Calculating area trapped between $g(x)=\frac{8x}{\pi}+\frac{\sqrt{2}}{2}-1$ and $f(x)=\sin(2x) $ I want to calculate the area trapped between $f(x)$ and $g(x)$ while
$$
0\leq x\leq\frac{\pi}{4}
$$
$$
g(x)=\frac{8x}{\pi}+\frac{\sqrt{2}}{2}-1, \qquad f(x)=\sin(2x)
$$
I`m given a clue to remember that:
$$
\sin\left(\frac{\pi}{4}\right)=\frac{\sqrt{2}}{2}
$$
What I tried:
I compared $f(x)$ and $g(x)$ and didn't find success. I tried to create new function $h(x)=g(x)-f(x)$ to find the cut points but got stuck as well.
 A: The given functions are:
$$ f(x) = \sin 2x, \ \ g(x) = {8 x \over \pi} + {\sqrt{2} \over 2} - 1$$
It is easy to note that
$$
f\left({\pi \over 8} \right) = \sin {\pi \over 4} = {\sqrt{2} \over 2} \ \ \mbox{and}
\ \ f\left({\pi \over 8} \right) = 1 + {\sqrt{2} \over 2} - 1
= {\sqrt{2} \over 2}.
$$
Hence, $f$ and $g$ intersect at $x = {\pi \over 8}$ in the region $\left[ 0, {\pi \over 4} \right]$.
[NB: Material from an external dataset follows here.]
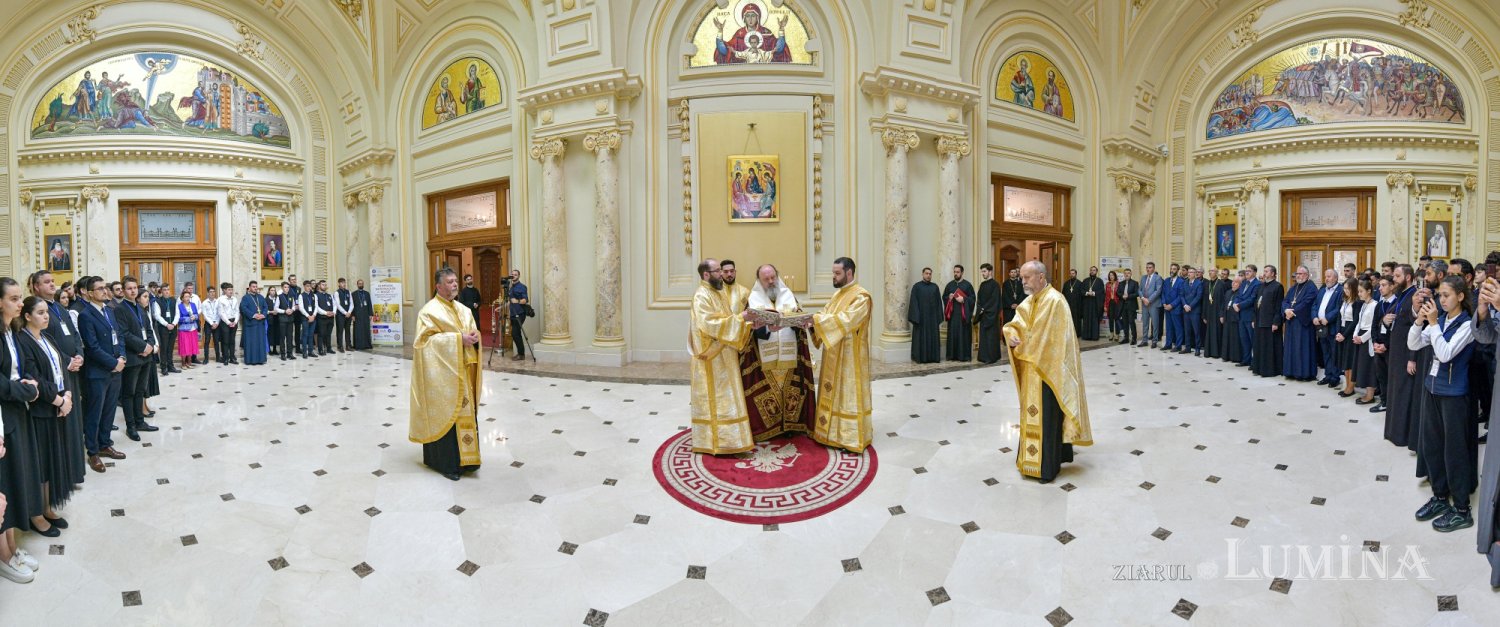 Olimpiada de religie pentru seminarii și licee teologice ortodoxe în București 330780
Moreover, $f(x) \geq g(x)$ in the region $0 \leq x \leq  {\pi \over 8} $.
Also, $g(x) \geq f(x)$ in the region $ {\pi \over 4}  \leq x \leq  {\pi \over 4} $.
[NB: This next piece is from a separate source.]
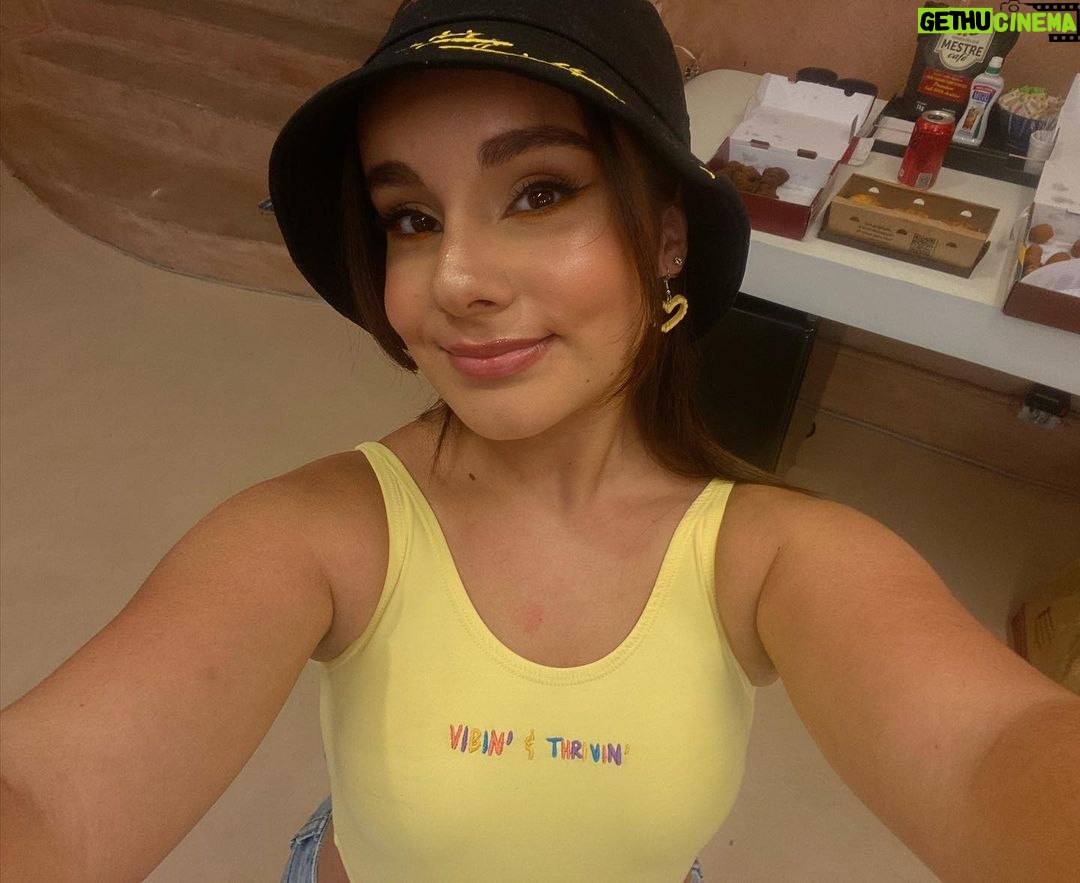 Sienna Belle Instagram - pictures i sent to my mom last week :)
Hence, the area between the curves $f$ and $g$ is found as
$$
I = I_1 + I_2
$$
where
$$
I_1 = \int\limits_{0}^{\pi \over 8} \ [f(x) - g(x)] \ dx, \ \ \
I_2 = \int\limits_{\pi \over 8}^{\pi \over 4} \ [g(x) - f(x)] \ dx.
$$
A simple integration yields
$$
I_1 = {1 \over 2} - {\sqrt{2} \over 4} - {\pi \over 16} -
\left( {\sqrt{2} \over 2} - 1 \right) {\pi \over 8} \tag{1}
$$
and
$$
I_2 = {3 \pi \over 16} +
\left( {\sqrt{2} \over 2} - 1 \right) {\pi \over 8} - {\sqrt{2} \over 4}. \tag{2}
$$
Adding $(1)$ and $(2)$, we get
$$
I = I_1 + I_2 = {1 \over 2} + {\pi \over 8} - {\sqrt{2} \over 2} = {\pi \over 8} + {1 - \sqrt{2} \over 2},
$$
which is the required area of intersection between $f$ and $g$ in the region, where $0 \leq x \leq {\pi \over 4}$.
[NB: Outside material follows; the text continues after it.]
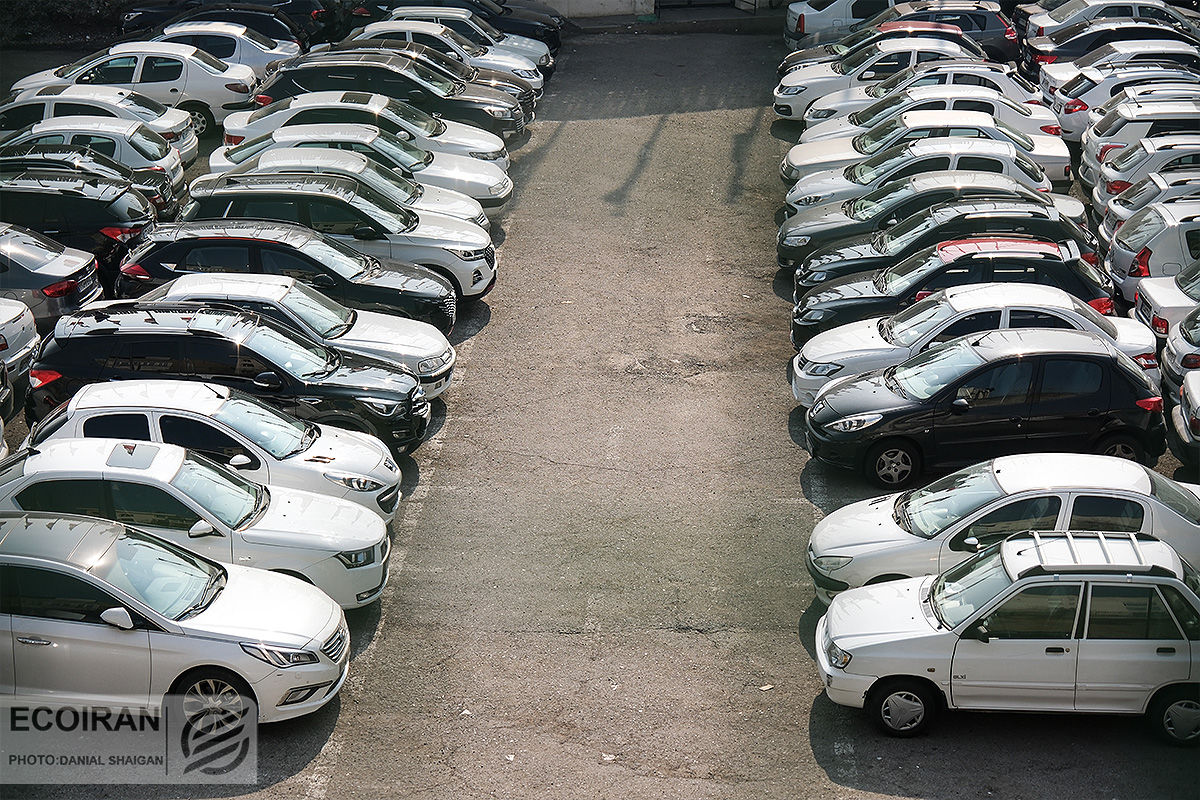 مخالفت مجلس با تعرفه واردات خودرو/ نادری: این موضوع باید درون دولت حل‌وفصل شود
A: As you defined it, $h(x) = \frac{8}{\pi}x + \frac{\sqrt{2}}{2} -1 - \sin(2x)$.
Since $h(0)=\frac{\sqrt{2}}{2} -1 <0$ and $h(\frac{\pi}{4}) = \frac{\sqrt{2}}{2} +1>0$, $h$ has at least one root in $[0,\frac{\pi}{4}]$.
Also, $h'(x)=\frac{8}{\pi}-2\cos(2x) \ge \frac{8}{\pi}-2>0$, so $h$ is strictly increasing and therefore its root is unique.
Drawing inspiration from the clue, evaluate $h(\frac{\pi}{8})=0$. This should allow you to correctly define the integrals that define the area trapped between the two functions.